Sabtu, 03 Juli 2010

pendidikan ini milik siapa???

teriris hati melihat apakah seperti ini pendidikan bangsaku??
seakan aku trus terhanyut akan apa yang dipirkan wakil rakyatku di kursi yang bergelimang uang disana, katanya menjadi aspirasi rakyat, suara rakyat atau apalah namanya, aneh ketika mendengar sistem sekarang. apalagi aku yang sekarang duduk di universitas negri indonesia ini.

BHP..
yah.. mungkin bgitu banyak melahirkan kontroversi, tapi tak tau apa manfaatnya karna begitu banyak yang mencerca dan melarangnya dan syukur atau tidak akupun tak tau yang jelas aku juga belum merasakannya,,,

menurut beberapa pendapat teman bahwa Pasal 41 UU BHP mensiratkan bahwa pemerintah mulai melepaskan tanggung jawab pendanaan dunia pendidikan, menjadikan insitusi pendidikan layaknya perusahaan yang mengabdikan dirinya pada kepentingan korporasi yang orientasinya: Akumulasi Kapital.
Maka jangan heran, ketika biaya pendidikan semakin hari semakin mahal, pembangunan fasilitas kampus tidak ditujukan untuk meningkatkan pengetahuan (dalam pengertian yang sejati) peserta didik, akan tetapi lebih besar untuk mendatangkan keuntungan bagi kampus, dan dunia industry kapitalis. Pendidikan yang mahal, pada akhirnya menjadi lingkaran paradoks: calon mahasiswa akan mencari jurusan yang mudah mendapatkan kerja, dan para sarjana akan berpikir untuk mengembalikan utang mereka selama masa perkuliahan, dan akhirnya masyarakat juga menjadi akibatnya, seperti contoh para dokter-dokter orientasinya bekerja di rumah sakit swasta yang mahal, lalu semakin sedikit Dokter yang bersedia untuk diterjunkan ke daerah-daerah pedalaman. Privatisasi pendidkan juga mengakibatkan fakultas/jurusan yang tak kalah pentingnya dihapuskan karena sedikit peminatnya, misalnya, di Universitas Nasional Singapore sudah tak ada lagi jurusan sosiologi ataupun Filsafat karena dianggap tak menjanjikan untuk mengganti biaya pendidikannya yang mahal. Dan pendidikan di negeri ini tengah mengarah menuju kondisi yang serupa.

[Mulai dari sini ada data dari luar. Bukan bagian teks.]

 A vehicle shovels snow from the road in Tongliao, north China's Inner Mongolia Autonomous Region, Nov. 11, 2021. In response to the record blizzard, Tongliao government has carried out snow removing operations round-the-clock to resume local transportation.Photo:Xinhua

bayangkan saja jika pemerintahan melepaskan tanggung jawabnya ketika menurut penelitian dari Internasional Labour organization (ILO), 19 persen atau 4, 18 Juta anak usia sekolah di Indonesia ternyata putus sekolah dan menjadi pekerja anak, dan lebih dari 350 ribu anak TKI yang ada di Malaysia tidak mendapatkan akses pendidikan karena orang tua mereka tidak memiliki dokumen dan si anak tidak memiliki kewarganegaraan.

Fasilitas pendidikan pun telah banyak yang rusak, sebagai catatan di Tanggerang 45 persen dari 378 sekolah mengalami kerusakan, di Madiun Jawa Timur dari 475 bangun sekolah yang ada, 121 mengalami kerusakan.

Tidak hanya di daerah, kerusakan sekolah pun terjadi di Jakarta. Ada sekitar 413 sekolah yang rusak, merata di semua wilayah DKI Jakarta. Bila ditotal jumlah sekolah yang rusak se-Indonesia ada sekitar 20.500, dari tingkat SD hingga SMA. Dari semua kerusakan tersebut, pemerintah hanya bisa memperbaiki sebagaian karena keterbatasan dana.

Pendidikan yang seharusnya menjadi tanggung jawab pemerintah sebagaimana di amanahkan oleh UUD 1945 sangat jauh dari ideal. Anggaran Pendidikan yang diamanahkan sebesar 20 persen dari APBN dan APBD baru dapat direalisasikan pada tahun 2008 dan itu pun dengan aturan sebagaimana diputuskan oleh MK bahwa gaji guru termasuk dalam anggaran tersebut.

lantas bagaimana nasib mereka nanti saat menghadapi bangu kuliah nantinya??
okelah kalau dari keluarga yang mampu,, lantas bagaimana nasiib keluarga yang tak mampu?? apa mereka harus trus hidup tanpa pendidikan??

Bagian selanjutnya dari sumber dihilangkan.